Bradykinin B2 receptor knockout mice are protected from thrombosis by increased nitric oxide and prostacyclin

Bradykinin (BK) liberates nitric oxide, prostacyclin, and tissue plasminogen activator from endothelial cells. We hypothesized that BK B2 receptor knockout (KO) mice (BKB2R(-/-)) have increased thrombosis risk. Paradoxically, the BKB2R(-/-) mice have long bleeding times and delayed carotid artery thrombosis, 78 +/- 6.7 minutes, versus 31 +/- 2.7 minutes in controls. The mechanism(s) for thrombosis protection was sought. In BKB2R(-/-) plasma coagulation, fibrinolysis and anticoagulant proteins are normal except for an increased prekallikrein and decreased factor XI. BKB2R(-/-) mice have elevated BK 1-5 (160 +/- 75 fmol/mL, vs 44 +/- 29 fmol/mL in controls) and angiotensin 11 (182 +/- 41 pg/mL, vs 49 +/- 7 pg/mL in controls). Ramipril treatment shortens vessel occlusion time.

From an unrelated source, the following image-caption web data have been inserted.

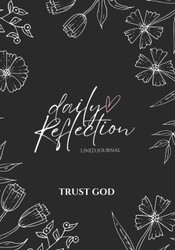 Trust God Daily Reflection Journal w/ Scripture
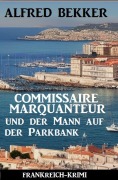 Cover-Bild zum Titel 'Commissaire Marquanteur und der Mann auf der Parkbank: Frankreich Krimi' von 'Alfred Bekker'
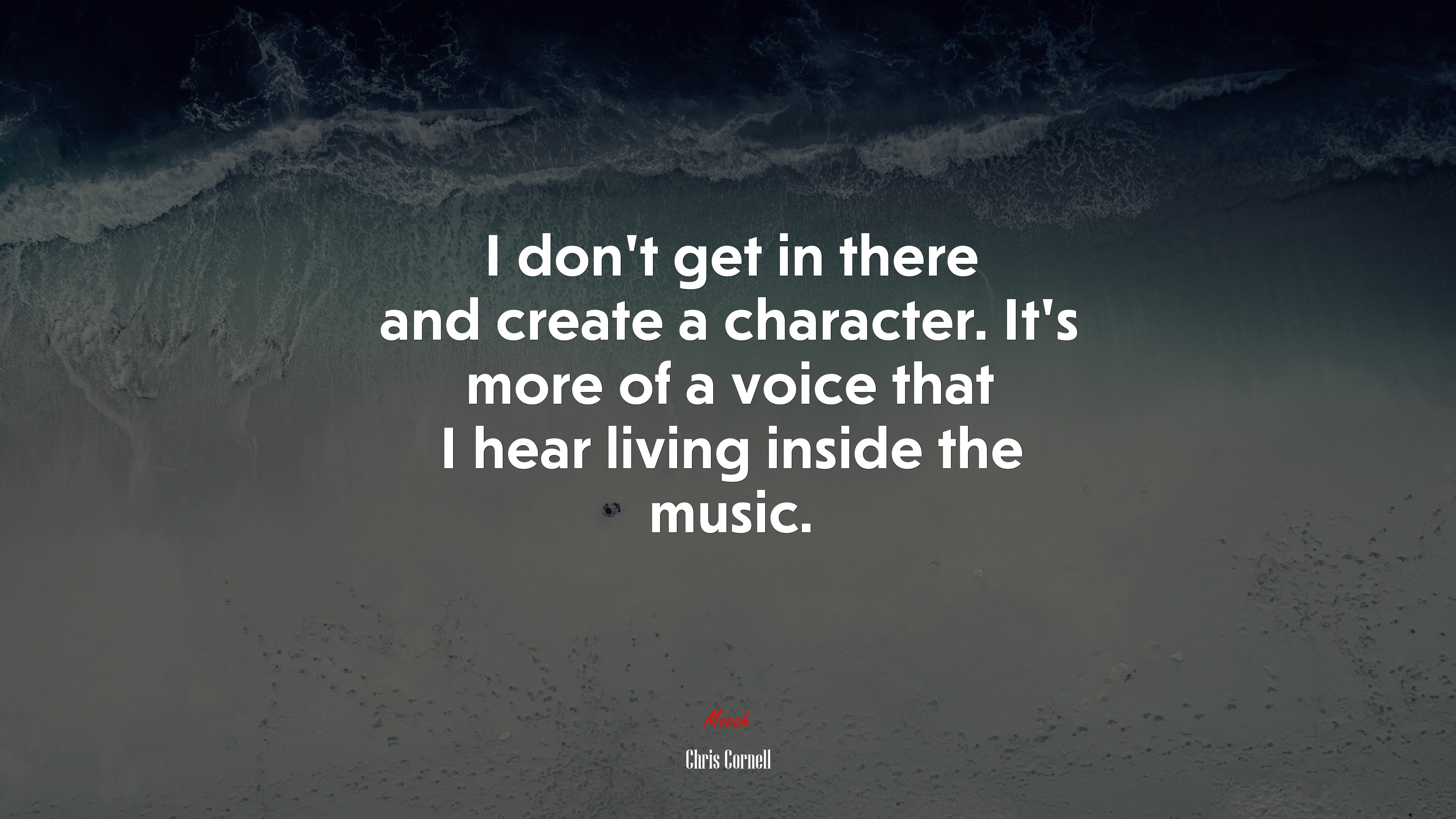 I don’t get in there and create a character. It’s more of a voice that I hear living inside the music. | Chris Cornell quote HD Wallpaper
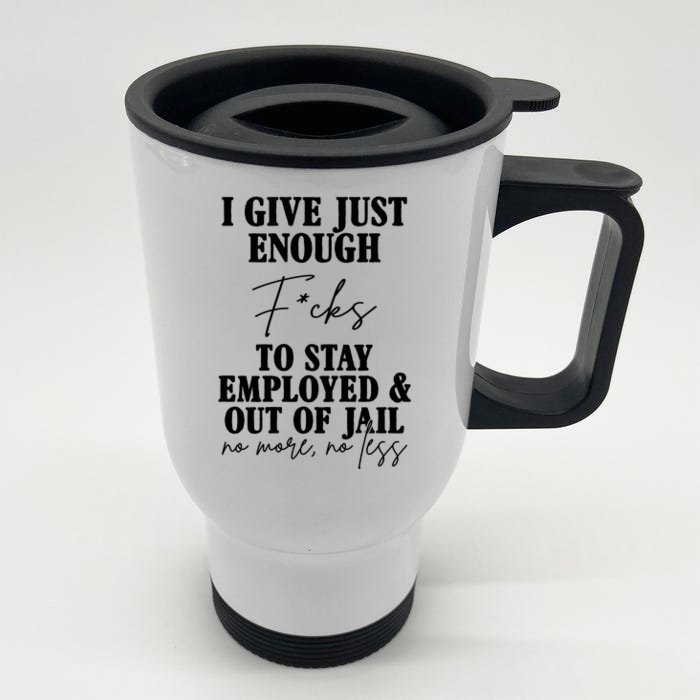 Just Enough Fucks To Stay Employed Out Of Jail Funny Front & Back Stainless Steel Travel Mug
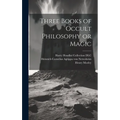 Three Books of Occult Philosophy or Magic - Hardcover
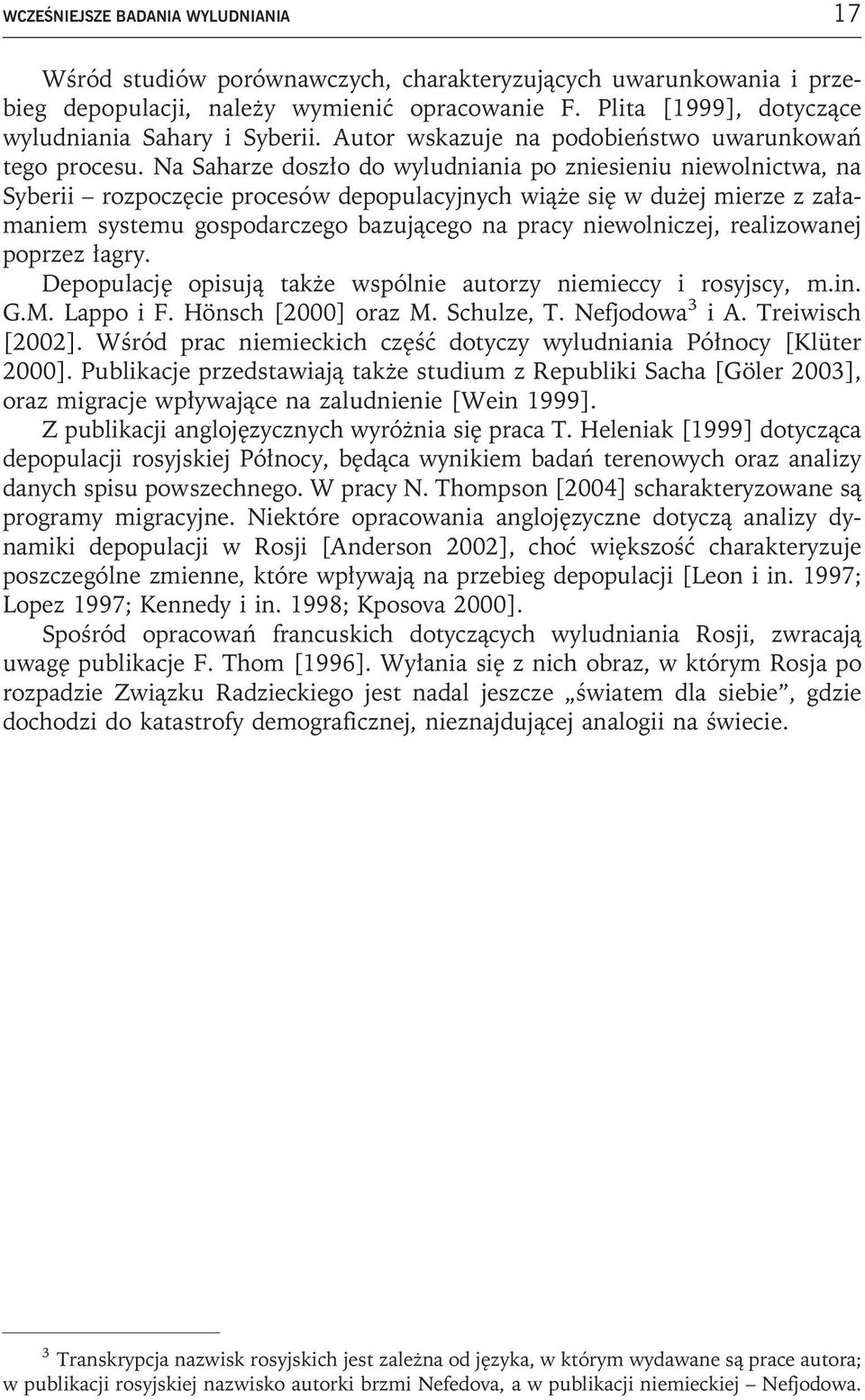 Na Saharze doszło do wyludniania po zniesieniu niewolnictwa, na Syberii rozpoczęcie procesów depopulacyjnych wiąże się w dużej mierze z załamaniem systemu gospodarczego bazującego na pracy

BKB2R(-/-) mice have elevated plasma 6-keto-PGF(1 alpha) (666 +/- 232 ng/mL, vs 23 +/- 5.3 ng/mL in controls) and serum nitrate (61 +/- 5.3 mu M, vs 24 +/- 1.8 mu M in controls). Treatment with L-NAME (W-monomethyl-L-arginine ester) or nimesulide shortens the thrombosis time. BKB2R-/- mice have increased angiotensin receptor 2 (AT(2)R) mRNA and protein expression. Treatment with an AT(2)R antagonist, PD123 319, normalizes the thrombosis time and nitrate and 6-keto-PGF1 alpha. The long bleeding times in BKB2R(-/-) mice also correct with L-NAME and nimesulide therapy. In BKB2R(-/-) mice, angiotensin 11 binding to an overexpressed AT(2)R promotes thromboprotection by elevating nitric oxide and prostacyclin. These investigations indicate a pathway for thrombosis risk reduction via the plasma kallikrein/ kinin and renin angiotensin systems.